%%

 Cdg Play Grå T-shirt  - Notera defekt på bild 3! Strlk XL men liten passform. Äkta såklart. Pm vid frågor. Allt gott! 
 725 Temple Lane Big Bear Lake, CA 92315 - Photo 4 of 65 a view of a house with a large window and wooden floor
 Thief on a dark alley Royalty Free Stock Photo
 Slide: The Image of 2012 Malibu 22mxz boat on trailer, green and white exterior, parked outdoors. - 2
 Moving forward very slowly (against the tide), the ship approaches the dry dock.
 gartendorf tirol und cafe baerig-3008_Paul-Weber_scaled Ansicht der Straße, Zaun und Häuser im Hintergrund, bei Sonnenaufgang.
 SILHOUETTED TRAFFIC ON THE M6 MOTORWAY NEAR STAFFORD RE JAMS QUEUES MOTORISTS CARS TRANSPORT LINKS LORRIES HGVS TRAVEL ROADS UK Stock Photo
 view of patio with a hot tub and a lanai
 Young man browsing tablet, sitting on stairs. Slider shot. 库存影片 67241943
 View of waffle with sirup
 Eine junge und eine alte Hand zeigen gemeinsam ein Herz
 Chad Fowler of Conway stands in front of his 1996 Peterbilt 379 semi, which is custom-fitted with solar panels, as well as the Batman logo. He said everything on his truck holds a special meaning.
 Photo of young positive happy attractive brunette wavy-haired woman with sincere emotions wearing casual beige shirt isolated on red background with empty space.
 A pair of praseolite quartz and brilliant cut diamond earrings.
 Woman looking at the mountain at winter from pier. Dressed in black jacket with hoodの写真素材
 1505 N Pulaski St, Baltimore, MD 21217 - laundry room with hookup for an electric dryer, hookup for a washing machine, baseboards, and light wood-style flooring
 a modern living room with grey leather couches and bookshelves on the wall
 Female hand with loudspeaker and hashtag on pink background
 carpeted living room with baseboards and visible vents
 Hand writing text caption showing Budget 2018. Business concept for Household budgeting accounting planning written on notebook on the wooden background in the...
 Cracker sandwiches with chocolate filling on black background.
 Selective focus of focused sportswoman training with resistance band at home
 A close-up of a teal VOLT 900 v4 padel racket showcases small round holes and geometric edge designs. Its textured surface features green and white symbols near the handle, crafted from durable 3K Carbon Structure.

%%

• **Your goal**: From the listing above, repeat exactly the lines starting at the line that includes "1505 N Pulaski" and ending at the line that includes "Female hand with", with nothing outside that span.

• **Output for this task**:
 1505 N Pulaski St, Baltimore, MD 21217 - laundry room with hookup for an electric dryer, hookup for a washing machine, baseboards, and light wood-style flooring
 a modern living room with grey leather couches and bookshelves on the wall
 Female hand with loudspeaker and hashtag on pink background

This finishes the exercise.